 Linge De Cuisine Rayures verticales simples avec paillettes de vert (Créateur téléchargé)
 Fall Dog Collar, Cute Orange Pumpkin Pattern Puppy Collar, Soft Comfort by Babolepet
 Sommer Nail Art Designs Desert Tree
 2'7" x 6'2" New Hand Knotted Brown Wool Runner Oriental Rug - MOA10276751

══════

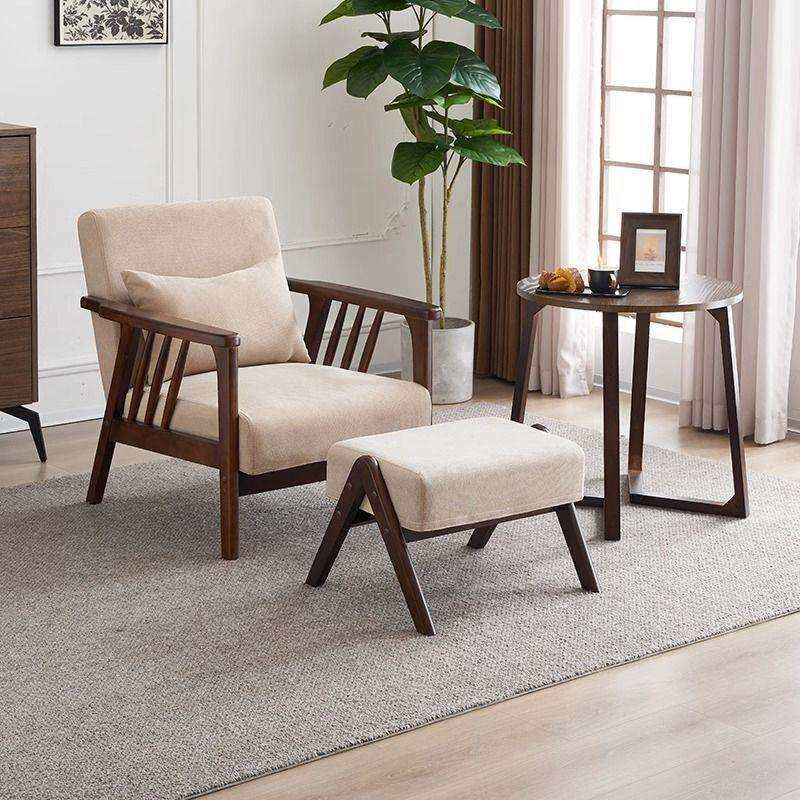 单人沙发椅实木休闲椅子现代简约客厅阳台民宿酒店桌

══════

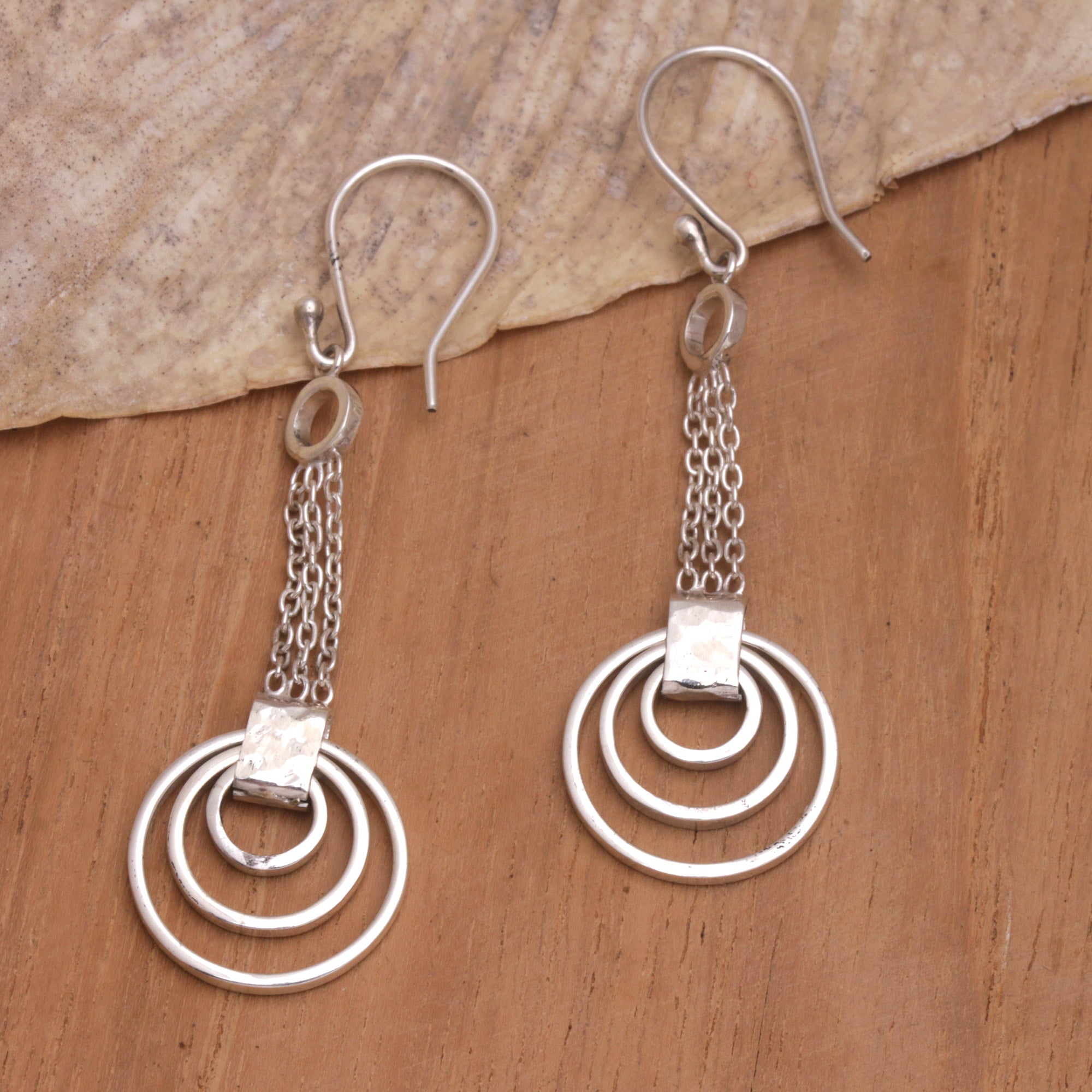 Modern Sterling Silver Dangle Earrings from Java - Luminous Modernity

══════

In the listing above, find the line with "Linge De Cuisine" and the line with "Rug - MOA10276751", then reproduce both and every line between them exactly.

• Response to this task
 Linge De Cuisine Rayures verticales simples avec paillettes de vert (Créateur téléchargé)
 Fall Dog Collar, Cute Orange Pumpkin Pattern Puppy Collar, Soft Comfort by Babolepet
 Sommer Nail Art Designs Desert Tree
 2'7" x 6'2" New Hand Knotted Brown Wool Runner Oriental Rug - MOA10276751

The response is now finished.